MATERIAL PROVIDED below:

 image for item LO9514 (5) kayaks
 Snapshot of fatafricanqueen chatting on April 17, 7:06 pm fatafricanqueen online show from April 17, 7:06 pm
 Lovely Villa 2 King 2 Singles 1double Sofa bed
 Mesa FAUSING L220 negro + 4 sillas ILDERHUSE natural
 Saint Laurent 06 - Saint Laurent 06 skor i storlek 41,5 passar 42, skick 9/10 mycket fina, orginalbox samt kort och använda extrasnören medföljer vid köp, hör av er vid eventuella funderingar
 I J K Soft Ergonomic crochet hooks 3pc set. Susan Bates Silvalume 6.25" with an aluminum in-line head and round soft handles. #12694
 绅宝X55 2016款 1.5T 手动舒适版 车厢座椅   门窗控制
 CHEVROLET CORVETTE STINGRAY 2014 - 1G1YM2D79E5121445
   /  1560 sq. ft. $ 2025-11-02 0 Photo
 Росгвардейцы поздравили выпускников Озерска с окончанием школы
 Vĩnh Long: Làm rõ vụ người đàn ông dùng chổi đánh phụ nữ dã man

End of MATERIAL PROVIDED.

■ **WORK TO COMPLETE**:
Starting with the line that contains "I J K Soft Ergonomic", copy each line through the end of the data exactly, and leave out all earlier lines.

■ **WRITTEN ANSWER**:
 I J K Soft Ergonomic crochet hooks 3pc set. Susan Bates Silvalume 6.25" with an aluminum in-line head and round soft handles. #12694
 绅宝X55 2016款 1.5T 手动舒适版 车厢座椅   门窗控制
 CHEVROLET CORVETTE STINGRAY 2014 - 1G1YM2D79E5121445
   /  1560 sq. ft. $ 2025-11-02 0 Photo
 Росгвардейцы поздравили выпускников Озерска с окончанием школы
 Vĩnh Long: Làm rõ vụ người đàn ông dùng chổi đánh phụ nữ dã man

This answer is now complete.